El resultado es un libro de y para la reflexión del derecho constitucional comparado. Proporciona información respecto a las normas y realidades constitucionales de 16 países que representan el mismo número de distintos escenarios jurídico-políticos para enfrentar la contingencia. No falta un espacio para el derecho internacional público que, por obvias razones, tiene un protagonismo indubitable en el contexto de esta pandemia global.

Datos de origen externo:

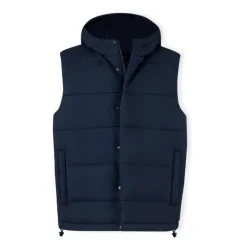 Gift Campaign Gilet antivento ed impermeabile con cappuccio in poliestere MKT Brooke> Smanicati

Si tomamos como caso de reflexión a la Constitución mexicana, se advierte que en la discusión jurídica (que no en la política, donde no se evidenció esa ambivalencia) había al menos dos respuestas posibles. La primera: desplegar los efectos de la suspensión de derechos (art. 29). La segunda: desplegar los efectos de instalar el llamado Consejo de Salubridad General por casos de “epidemias de carácter grave” (art. 73). Esta posibilidad no implicaba una excepción constitucional ortodoxa sino, en principio, medidas preponderantemente administrativas de salud pública.

El gobierno federal mexicano no dudó en implementar el segundo procedimiento y excluir el primero. Sin embargo, desde el punto de vista constitucional, era posible pensar una distinta doble solución: a) declarar formalmente un estado constitucional de emergencia, con la consecuente identificación de derechos y libertades con tutela reforzada (no para suspender indiscriminadamente derechos, como estratégicamente se difundió en el discurso oficial, con el propósito de generar un rechazo social a la suspensión); y b) hacer convivir ambos mecanismos, estado de emergencia e instalación de Consejo de Salubridad, con una comprensión constitucionalmente adecuada de la crisis sanitaria.

Esta ruta dual de acción habría ceñido a las autoridades gubernamentales a someterse a los controles excepcionales del artículo 29 constitucional, en términos de derechos insuspendibles y de participación activa de los tres poderes de la Unión. Habría involucrado directamente al Congreso Federal en el análisis de la emergencia. El Congreso habría tenido el deber de aprobar el decreto presidencial inicial de suspensión. También le habría obligado a analizar si debían concederse, o no, distintas autorizaciones al presidente de la República para hacer frente a la gravedad de la crisis. Además, la Suprema Corte habría controlado ex officio el referido decreto y los acuerdos sucesivos. Nada de ello sucedió.

No puede pretenderse que las Constituciones provean de remedios inequívocos para casos extraordinariamente fortuitos. No se trata de apelar a la ilusión de que las normas jurídicas sean ellas mismas capaces de conseguir que los efectos de una pandemia se detengan por arte de magia. Los ordenamientos jurídicos no conllevan una suerte de fuerzas metafísicas para combatir estas graves contingencias.

Sin embargo, sí debe apostarse por tomarse en serio los instrumentos que en algún momento histórico se establecieron precisamente para posibles escenarios de riesgo, que pusieran en predicamento la supervivencia de la población. Esos instrumentos no fueron colocados en la Constitución de manera gratuita. No se previeron para protagonizar su inutilidad. Se establecieron y adoptaron para cumplir una función rectora, para disciplinar la actuación política frente a fenómenos incontrolables, o difícilmente controlables por la voluntad humana. Se pusieron ahí para algo: para disponer controles democráticos frente a potenciales crisis.

Como se muestra en este libro, las Constituciones sí tienen un papel que cumplir en los desoladores e inciertos días de una pandemia.